Antibiotics: Are they helpful or harmful?
The answer to both is: Yes!
Over 85 years ago, the first antibiotic was invented. Even back then, they knew that antibiotics would change the world. Antibiotics can help treat minor infections, like urinary or respiratory tract infections; they can also help people who have sepsis, an entire body response to an infection.
Infections are caused by microorganisms, such as viruses, fungi, parasites, and bacteria. Antibiotics are medications that strictly slow or destroy the growth of bacteria. When we use antibiotics to treat infections, we are exposing these microorganisms in our environment to these antibiotics as well. By doing this, they can mutate and actually become resistant to the antibiotics that we have. Think of it like an offensive play in football- if the defense (bacteria) learns what play (antibiotics) you are going to run, they might just run right through the offensive line and sack the quarterback.
A report from the CDC (Centers for Disease Control and Prevention) in 2013 showed more than 2 million people in the United States alone became ill every year as a result of antibiotic resistant infections. Even more surprising, was that an estimated 23,000 people die yearly from these infections.

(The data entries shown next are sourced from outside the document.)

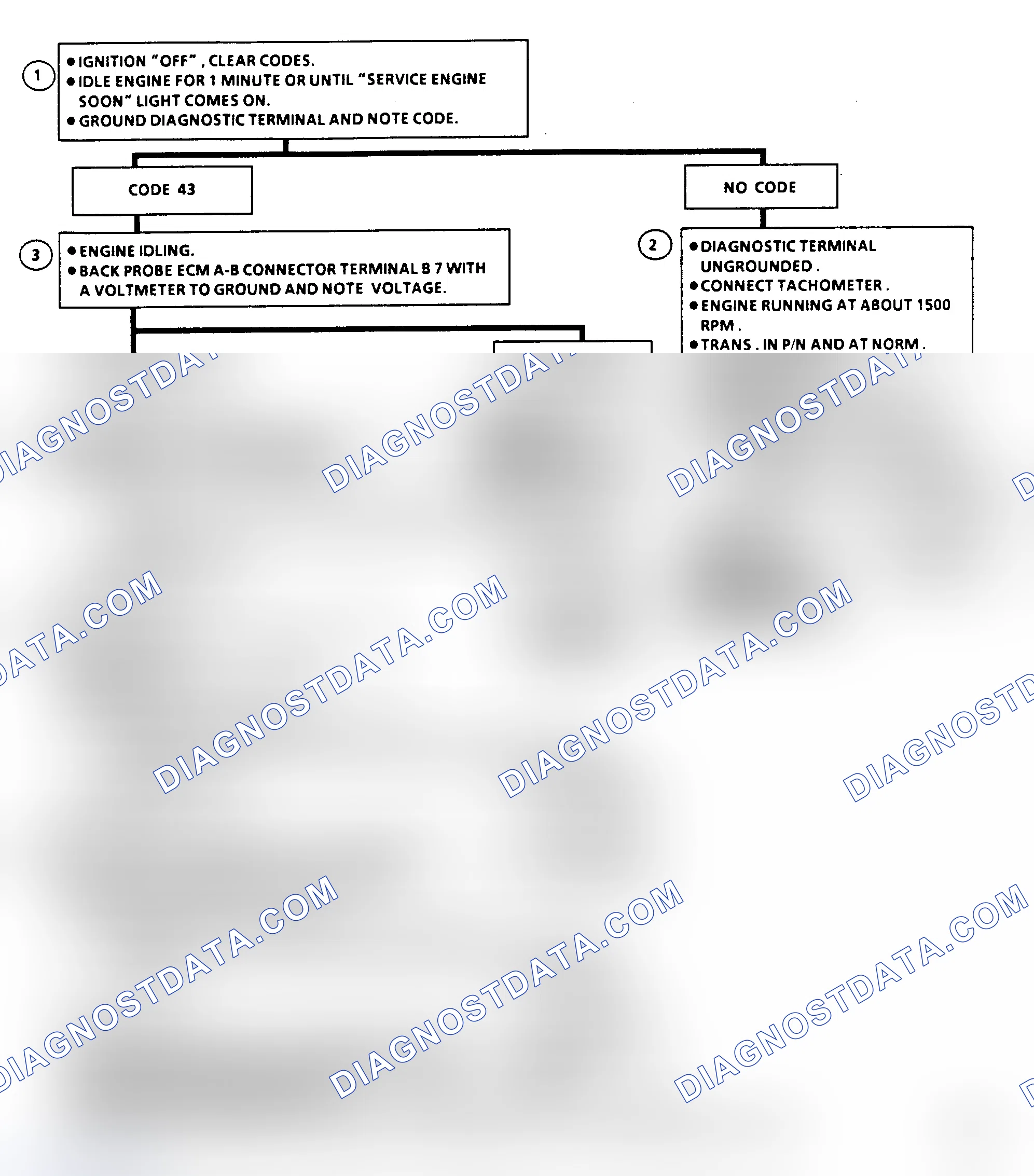 Scheme 518: Code 43 Flow Chart, Electronic Spark Control (5.0/5.7L)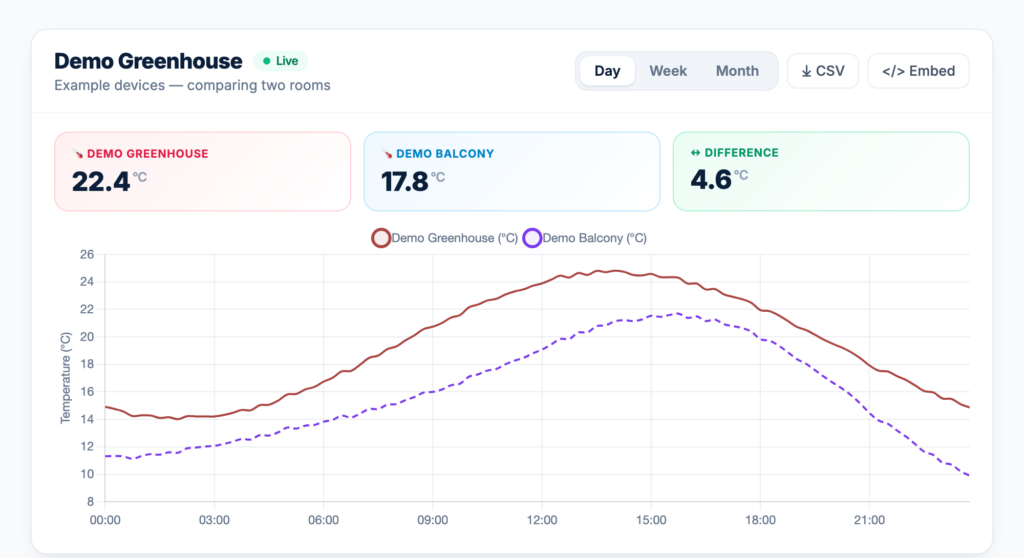 One chart plotting temperature from two different devices on shared axes
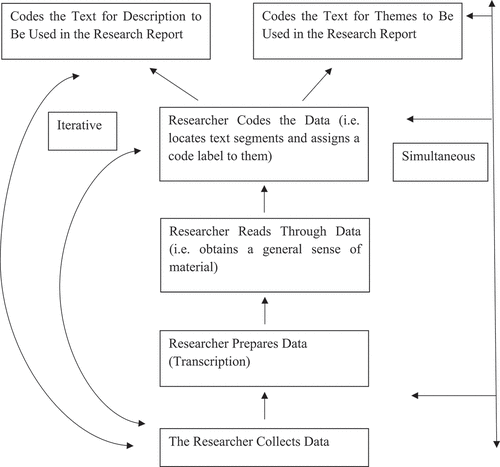 Figure 2. The Qualitative Process of Data Analysis (From Creswell Citation2012).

Antibiotics are extremely helpful when they are used in the right setting; however they are often prescribed for no useful purpose. Too many antibiotics are prescribed for viral infections, such as colds, flu, and diarrhea. This may be done because of a poor understanding of what antibiotics really do, and when they are indicated. It could also be a result of physicians wanting to satisfy their patients with some form of treatment after an office visit, instead of recommending over the counter therapies. Regardless of the underlying reasons, all potential causes for inappropriate antibiotic use must be considered.
Antibiotics are an important part of modern medicine. They are the reason we can survive infections that people frequently died from in the past. By using antibiotics appropriately we can help decrease their resistance, prolong their effectiveness, and prevent the development of infections for which we do not have treatment.
Citation: Whiteman, Honor. “Antibiotic Resistance: How Has It Become a Global Threat to Public Health?” Medical News Today. MediLexicon International, 10 Sept. 2014. Web. 20 Sept. 2014.